Paperclip was the red bar. Claude Code is the pivot.

I wanted a local AI agent system that just worked. No cloud API costs, no sending my code to a server, just models running on my M5 doing useful work while I sleep.

Paperclip was the bet. You wire up local LLMs to a task queue, agents pick up tickets, they do research and write code and update docs. The idea is solid. The execution has been janky.

The problems aren’t catastrophic. They’re worse than that — they’re intermittent. The heartbeat fires but the agent runs for 4 minutes and exits without finishing. The workspace warning prints to stderr and Paperclip lights it up red even when nothing actually failed. The model that’s loaded when the heartbeat fires isn’t always the one the agent expects. First run fails, second run succeeds, ticket sits in in_review forever because nobody closed it.

It works. Just not reliably enough to trust.

So I’m pivoting. Claude Code Desktop added scheduled tasks and I’ve been playing with it for Transcripted. The setup I built is five nightly jobs staggered across the early morning:

1:47 AM — build and test watchdog. Runs xcodebuild, catches failures, attempts a surgical fix, opens a PR if it worked or files an issue if it didn’t. Silent on healthy nights.

2:17 AM — simplification sweep. Looks for duplicate code and efficiency opportunities across the ~140 Swift files. No PR if there’s nothing real to fix.

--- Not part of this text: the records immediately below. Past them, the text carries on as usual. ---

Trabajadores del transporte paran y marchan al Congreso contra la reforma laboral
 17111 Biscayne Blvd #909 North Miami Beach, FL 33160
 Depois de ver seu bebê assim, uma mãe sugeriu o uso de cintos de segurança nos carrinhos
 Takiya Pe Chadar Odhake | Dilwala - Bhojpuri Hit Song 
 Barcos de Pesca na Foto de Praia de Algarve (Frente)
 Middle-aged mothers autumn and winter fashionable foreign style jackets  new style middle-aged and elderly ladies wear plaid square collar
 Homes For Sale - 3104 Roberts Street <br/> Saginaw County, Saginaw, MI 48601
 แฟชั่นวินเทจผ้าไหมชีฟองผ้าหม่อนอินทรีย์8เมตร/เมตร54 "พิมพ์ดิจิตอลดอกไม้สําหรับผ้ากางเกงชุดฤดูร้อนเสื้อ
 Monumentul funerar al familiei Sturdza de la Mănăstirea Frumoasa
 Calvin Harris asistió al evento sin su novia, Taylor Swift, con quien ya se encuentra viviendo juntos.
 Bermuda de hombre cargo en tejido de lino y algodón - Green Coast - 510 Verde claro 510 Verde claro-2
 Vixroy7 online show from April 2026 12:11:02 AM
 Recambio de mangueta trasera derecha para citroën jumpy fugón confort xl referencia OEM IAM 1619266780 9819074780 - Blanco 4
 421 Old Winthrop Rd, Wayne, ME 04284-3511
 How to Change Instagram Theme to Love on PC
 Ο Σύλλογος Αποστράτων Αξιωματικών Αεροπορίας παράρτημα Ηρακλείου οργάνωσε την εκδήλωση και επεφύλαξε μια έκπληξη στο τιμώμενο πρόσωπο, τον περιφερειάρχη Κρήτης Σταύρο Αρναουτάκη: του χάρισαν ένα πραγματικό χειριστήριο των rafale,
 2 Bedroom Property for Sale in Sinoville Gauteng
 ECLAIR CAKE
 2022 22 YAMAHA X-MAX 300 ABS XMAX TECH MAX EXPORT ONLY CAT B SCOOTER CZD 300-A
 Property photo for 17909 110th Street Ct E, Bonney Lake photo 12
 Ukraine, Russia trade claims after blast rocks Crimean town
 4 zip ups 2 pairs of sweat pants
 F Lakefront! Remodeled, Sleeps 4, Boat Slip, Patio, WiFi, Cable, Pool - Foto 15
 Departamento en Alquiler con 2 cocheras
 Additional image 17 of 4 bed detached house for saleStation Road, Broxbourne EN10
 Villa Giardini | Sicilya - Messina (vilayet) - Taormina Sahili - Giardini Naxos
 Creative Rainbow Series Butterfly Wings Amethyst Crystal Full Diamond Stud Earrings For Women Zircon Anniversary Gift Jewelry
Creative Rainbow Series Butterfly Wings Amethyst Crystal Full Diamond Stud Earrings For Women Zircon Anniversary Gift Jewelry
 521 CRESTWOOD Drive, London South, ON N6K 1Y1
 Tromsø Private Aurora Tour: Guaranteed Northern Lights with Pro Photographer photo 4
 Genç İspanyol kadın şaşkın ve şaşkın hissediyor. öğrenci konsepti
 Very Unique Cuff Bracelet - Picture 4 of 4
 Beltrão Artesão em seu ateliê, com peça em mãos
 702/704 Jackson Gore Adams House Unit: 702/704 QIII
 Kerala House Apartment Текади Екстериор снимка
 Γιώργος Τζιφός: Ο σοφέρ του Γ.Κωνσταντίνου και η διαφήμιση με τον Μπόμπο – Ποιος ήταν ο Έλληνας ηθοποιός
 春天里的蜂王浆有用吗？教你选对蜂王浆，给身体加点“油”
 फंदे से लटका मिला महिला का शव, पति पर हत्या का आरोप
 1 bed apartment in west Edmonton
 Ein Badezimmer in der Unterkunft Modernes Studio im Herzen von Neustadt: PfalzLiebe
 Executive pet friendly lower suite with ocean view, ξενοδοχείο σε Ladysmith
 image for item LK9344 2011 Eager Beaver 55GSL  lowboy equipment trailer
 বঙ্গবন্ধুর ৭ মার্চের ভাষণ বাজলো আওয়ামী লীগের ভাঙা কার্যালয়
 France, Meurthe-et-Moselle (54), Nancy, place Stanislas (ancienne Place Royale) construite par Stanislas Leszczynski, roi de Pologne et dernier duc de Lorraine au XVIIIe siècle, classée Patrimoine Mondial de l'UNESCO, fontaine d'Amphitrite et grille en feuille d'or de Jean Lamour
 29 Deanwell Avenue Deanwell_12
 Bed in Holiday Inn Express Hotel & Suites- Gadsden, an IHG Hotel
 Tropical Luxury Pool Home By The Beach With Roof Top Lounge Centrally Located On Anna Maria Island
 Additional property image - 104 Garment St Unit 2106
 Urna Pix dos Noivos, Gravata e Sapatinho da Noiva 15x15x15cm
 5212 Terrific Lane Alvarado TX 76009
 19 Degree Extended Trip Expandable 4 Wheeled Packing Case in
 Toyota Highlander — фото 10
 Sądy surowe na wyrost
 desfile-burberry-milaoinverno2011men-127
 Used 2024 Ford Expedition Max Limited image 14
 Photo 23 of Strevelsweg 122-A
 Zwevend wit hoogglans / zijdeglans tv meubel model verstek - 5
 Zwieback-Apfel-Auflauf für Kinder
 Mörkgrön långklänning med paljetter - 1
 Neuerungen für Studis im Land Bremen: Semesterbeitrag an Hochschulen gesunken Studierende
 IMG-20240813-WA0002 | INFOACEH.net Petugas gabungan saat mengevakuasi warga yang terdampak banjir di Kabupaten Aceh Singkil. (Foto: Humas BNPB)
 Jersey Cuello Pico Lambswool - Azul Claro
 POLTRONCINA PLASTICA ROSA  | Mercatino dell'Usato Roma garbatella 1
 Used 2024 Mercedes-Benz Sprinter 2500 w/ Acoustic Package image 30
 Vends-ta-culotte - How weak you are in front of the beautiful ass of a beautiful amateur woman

3:23 AM — code review. Focuses on the last 7 days of commits. Threading violations, missing error handling, logic bugs in the transcription pipeline.

4:37 AM — security audit. Path traversal in file handling, SQL injection in the speaker database, force unwraps in critical paths, HuggingFace download integrity.

Separately — CLAUDE.md sync. Compares all 15 documentation files against the actual codebase and updates anything that’s drifted.

The key design principle: no noise on clean nights. PRs only get created when something real was found and fixed. Issues only get filed when something is genuinely broken. If everything’s fine, nothing happens.

I haven’t run these long enough to know if they work yet. That’s the experiment. But the mental model is cleaner — Claude Code is deeply integrated into the codebase, it already knows the files and the patterns, and the scheduling is native rather than bolted on through a bridge layer and a heartbeat script and an MLX server that may or may not have the right model loaded.

Paperclip as a research tool is still useful. The GitHub issues mining it ran last night — scanning Meetily, Screenpipe, Whisper.cpp for open issues and user complaints — that was legitimately good. Local Nemotron 49B, no API costs, solid output. That use case plays to its strengths.

For code work on a production app, I need more reliability than I’ve been getting. Red bar on the original plan. New experiment live.